### EXERCISE INSTRUCTIONS:
From the listing below, reproduce exactly the lines starting with the one with "Mule marron à" and going on through the one with "boat view of", both ends kept. No picture is copied.

### SUPPLIED ENTRIES:
※
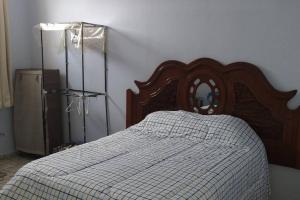 1 dormitorio con 1 cama con cabecero de madera y espejo en Amplia y cómoda casa, para 2 a 8 personas a unos pasos de la plaza, en Ocotlán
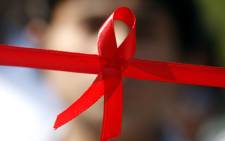 A red ribbon, the internationally known symbol of AIDS awareness.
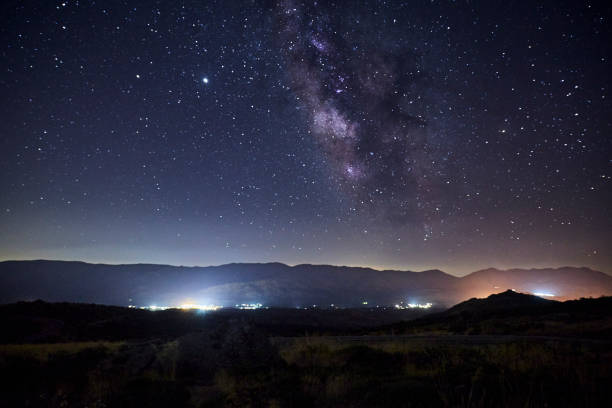 istock Starry night with the Milky Way over some mountains 1272382736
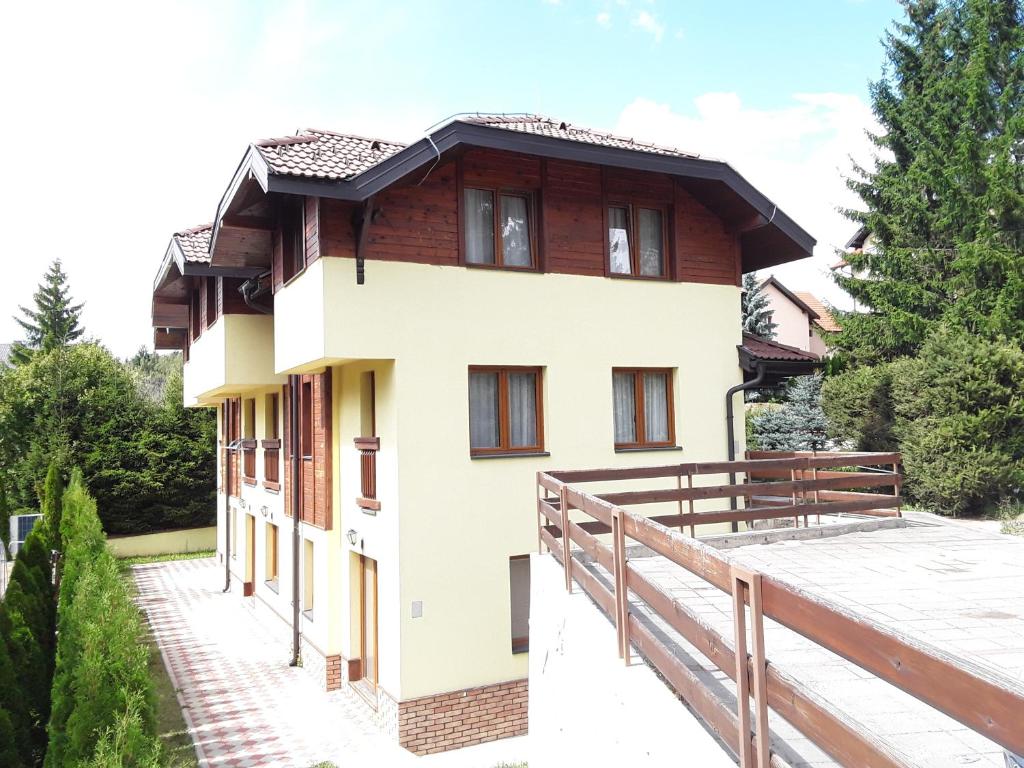 a house with a balcony and a wooden fence at Apartmani Ivanovic in Zlatibor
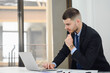 © เลิศลักษณ์ ทิพชัย - Portrait of handsome young salesman using laptop looking at contract or agreement Buy or sell a new car Salesman signs car insurance documents or lease agreement documents.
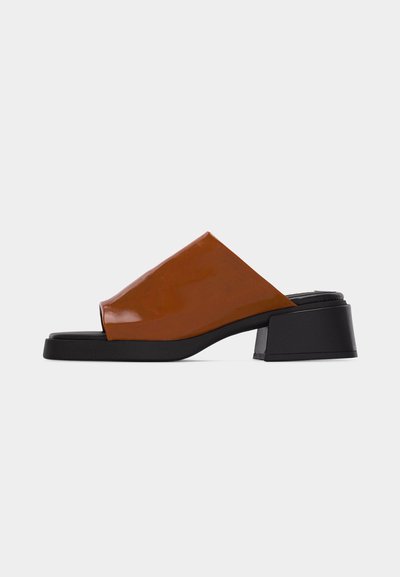 Mule marron à bout ouvert avec une large bride en cuir et un talon bas noir épais sur fond blanc.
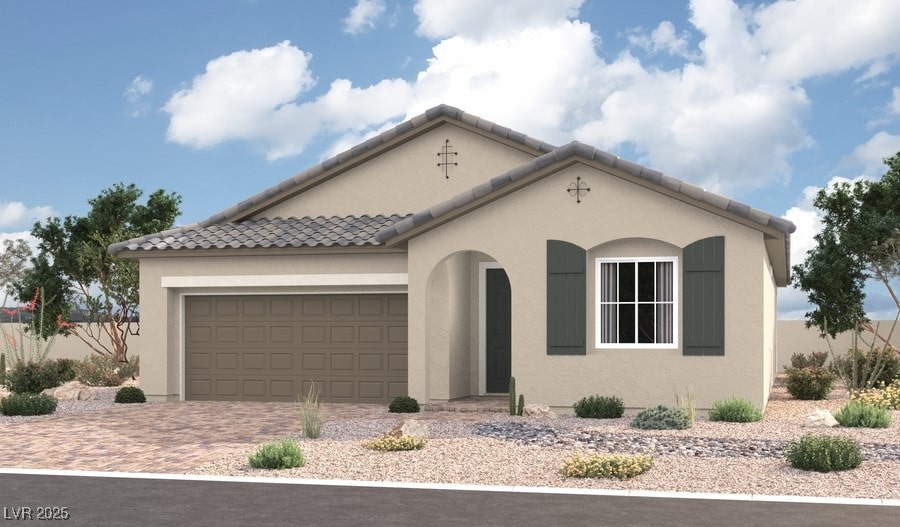 view of front facade featuring a tiled roof, stucco siding, an attached garage, and decorative driveway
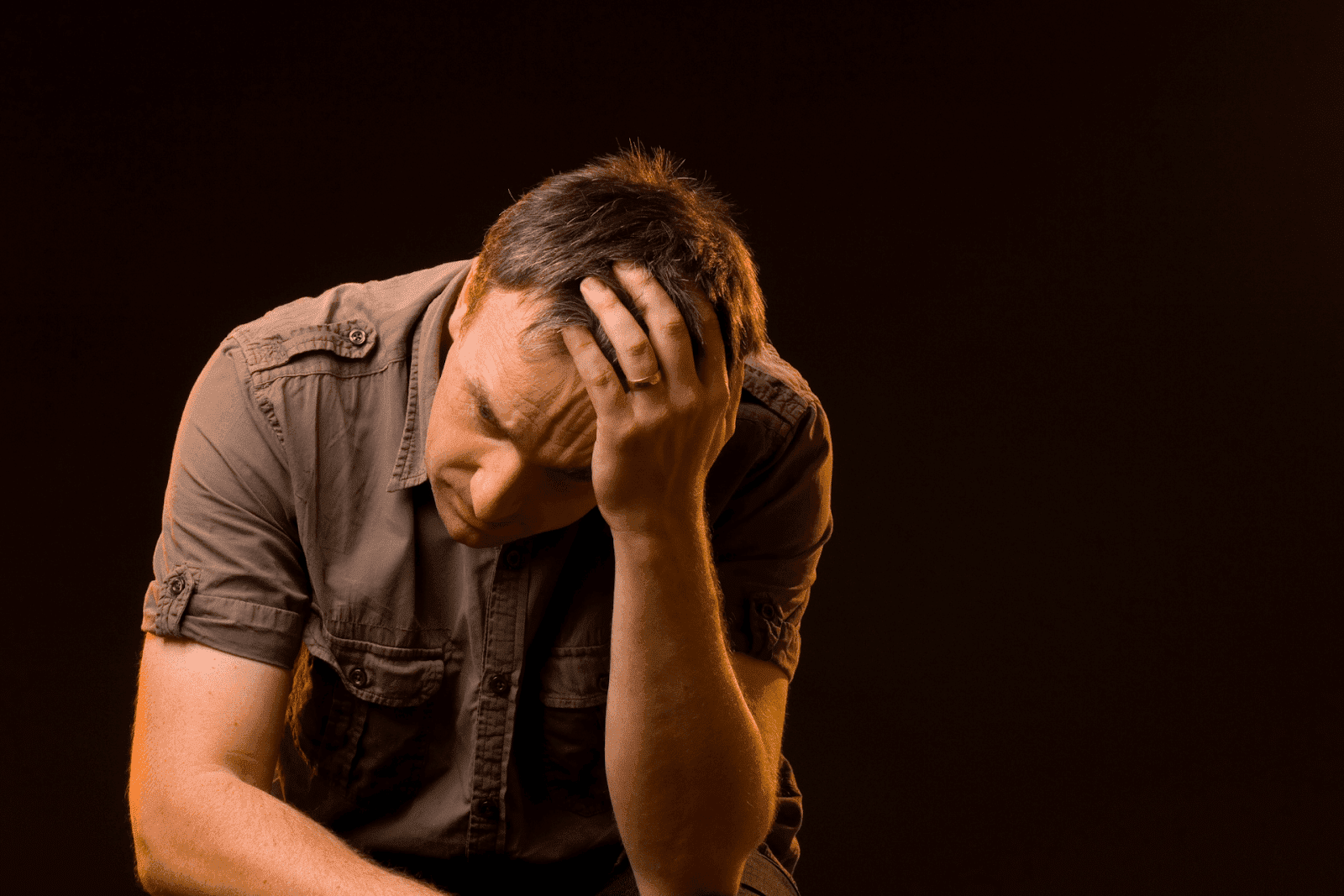 A man is sitting in a dark setting, hunched forward with his hand covering part of his face.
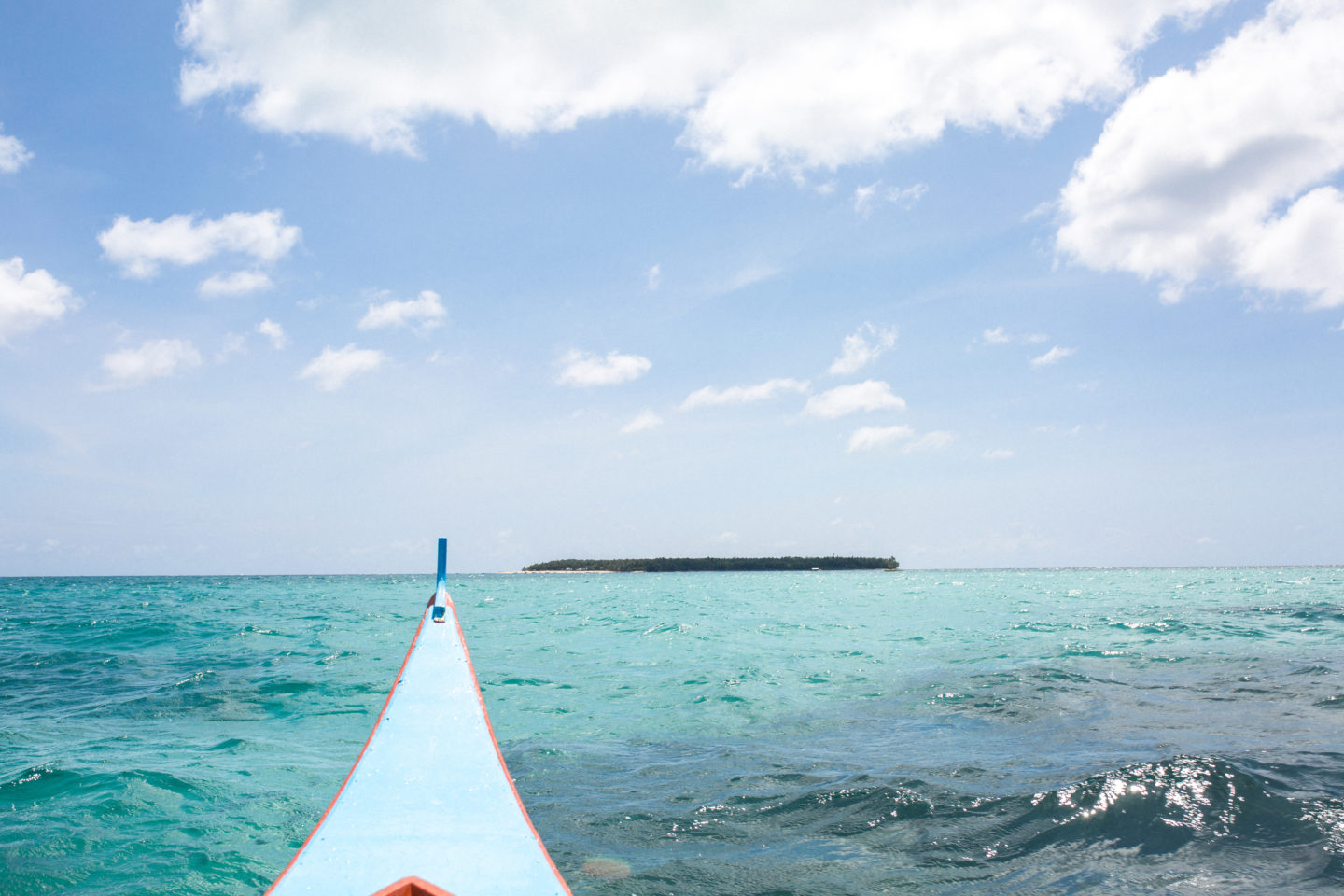 boat view of a deserted island in Siargao, the Philippines over crystal clear water itinerary 2 weeks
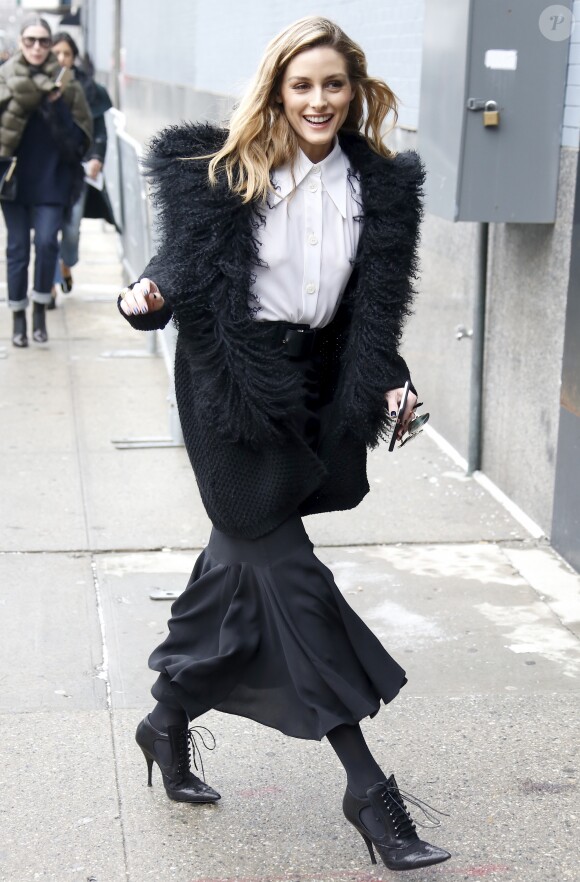 Olivia Palermo arrive au défilé Michael Kors Collection, habillée d'un manteau noir, d'une chemise, d'une jupe et d'une ceinture Michael Kors Collection (collection printemps 2017) et de chaussures Givenchy. New York, le 15 février 2017.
※
### RESULT BELOW:
 Mule marron à bout ouvert avec une large bride en cuir et un talon bas noir épais sur fond blanc.
 view of front facade featuring a tiled roof, stucco siding, an attached garage, and decorative driveway
 A man is sitting in a dark setting, hunched forward with his hand covering part of his face.
 boat view of a deserted island in Siargao, the Philippines over crystal clear water itinerary 2 weeks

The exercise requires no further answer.